The women that Garanger portrayed came from neighboring villages. Either Berber or Muslim, they had never before come into contact with Europeans. When Garanger arrived, there was a detachment of armed men with machine guns across their shoulders, an interpreter, and the commander. The women would be lined up, then each in turn would sit on a stool outdoors, in front of the whitewashed wall of a house. Without their veils, their disheveled hair and their protective tattoos were exposed. Their lined faces reflected the harshness of their life. The stiffness of their pose and the intensity of their gaze evoke early daguerreotypes.

“I would come within three feet of them,” Garanger remembers. “They would be unveiled. In a period of ten days, I made two thousand portraits, two hundred a day. The women had no choice in the matter. Their only way of protesting was through their look.”

“It is this immediate look that matters,” Garanger continues. “When one discharges a condenser, a spark comes out: to me, photography involves seizing just that instant of discharge. In these sessions, I felt a completely crazy emotion. It was an overwhelming experience, with lightning in each image. I held up for the world a mirror, which reflected this lightning look that the women cast at me.”

In the Middle East, the veil is like a second skin among traditional people. It may be taken off only within the secrecy of the walls, among women or between husband and wife, but never publicly. Garanger’s portraits symbolize the collision of two civilizations, Islamic and Western, and serve as an apt metaphor for colonization. The women’s defiant look may be thought of as an ‘evil eye’ that they cast to protect themselves and curse their enemies.

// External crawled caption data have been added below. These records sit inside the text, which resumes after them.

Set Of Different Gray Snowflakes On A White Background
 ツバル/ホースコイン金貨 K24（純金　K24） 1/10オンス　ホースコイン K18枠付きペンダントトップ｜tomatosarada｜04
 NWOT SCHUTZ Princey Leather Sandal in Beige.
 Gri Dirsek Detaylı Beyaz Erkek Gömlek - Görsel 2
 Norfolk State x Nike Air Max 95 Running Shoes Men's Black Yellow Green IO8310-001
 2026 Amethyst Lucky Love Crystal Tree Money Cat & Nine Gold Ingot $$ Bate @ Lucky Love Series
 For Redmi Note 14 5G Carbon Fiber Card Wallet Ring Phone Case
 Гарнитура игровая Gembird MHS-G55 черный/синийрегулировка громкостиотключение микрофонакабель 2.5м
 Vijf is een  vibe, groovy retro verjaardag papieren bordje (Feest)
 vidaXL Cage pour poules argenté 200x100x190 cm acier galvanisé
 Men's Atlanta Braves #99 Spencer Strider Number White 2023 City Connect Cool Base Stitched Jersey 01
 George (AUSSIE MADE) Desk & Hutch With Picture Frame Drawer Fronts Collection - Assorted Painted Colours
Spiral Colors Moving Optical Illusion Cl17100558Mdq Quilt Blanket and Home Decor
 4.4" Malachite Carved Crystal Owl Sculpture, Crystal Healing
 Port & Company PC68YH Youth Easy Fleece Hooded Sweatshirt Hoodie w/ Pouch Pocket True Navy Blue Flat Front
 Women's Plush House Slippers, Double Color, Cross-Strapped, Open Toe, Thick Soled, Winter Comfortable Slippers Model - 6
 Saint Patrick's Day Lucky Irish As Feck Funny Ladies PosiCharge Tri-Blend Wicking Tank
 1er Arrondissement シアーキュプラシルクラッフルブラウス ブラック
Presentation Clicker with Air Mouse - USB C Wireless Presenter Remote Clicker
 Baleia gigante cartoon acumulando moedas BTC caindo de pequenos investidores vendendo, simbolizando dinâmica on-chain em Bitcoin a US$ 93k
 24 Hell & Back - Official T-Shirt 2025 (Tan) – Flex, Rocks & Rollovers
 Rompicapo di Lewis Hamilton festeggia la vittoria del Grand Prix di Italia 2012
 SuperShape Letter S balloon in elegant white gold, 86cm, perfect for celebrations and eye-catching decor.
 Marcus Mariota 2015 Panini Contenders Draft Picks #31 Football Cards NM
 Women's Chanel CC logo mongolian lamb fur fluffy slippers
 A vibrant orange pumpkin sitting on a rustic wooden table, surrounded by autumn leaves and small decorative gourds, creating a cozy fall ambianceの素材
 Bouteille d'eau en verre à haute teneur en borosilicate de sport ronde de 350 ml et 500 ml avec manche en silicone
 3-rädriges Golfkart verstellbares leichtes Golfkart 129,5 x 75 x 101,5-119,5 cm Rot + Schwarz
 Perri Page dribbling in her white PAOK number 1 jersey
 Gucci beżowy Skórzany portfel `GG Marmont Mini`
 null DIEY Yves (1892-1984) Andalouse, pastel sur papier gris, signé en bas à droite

Fifty years after Algeria’s independence was proclaimed, Garanger’s contested portraits have not lost their strength. When he went back to Algeria in 2004 to meet those he had photographed, he found that the pictures he had taken were often the only ones that the women ever had of themselves, and they welcomed his return: he had become the keeper of their memory. This month, his portraits will be exhibited in Algiers.


Garanger’s portraits are currently being exhibited at the Musée d’Art Moderne, Algiers (April 20 – August 30).

Carole Naggar is a photo historian and poet. She recently wrote for LightBox on Chim’s images of children in Europe after World War II and the visual fables of Pentti Sammallahti.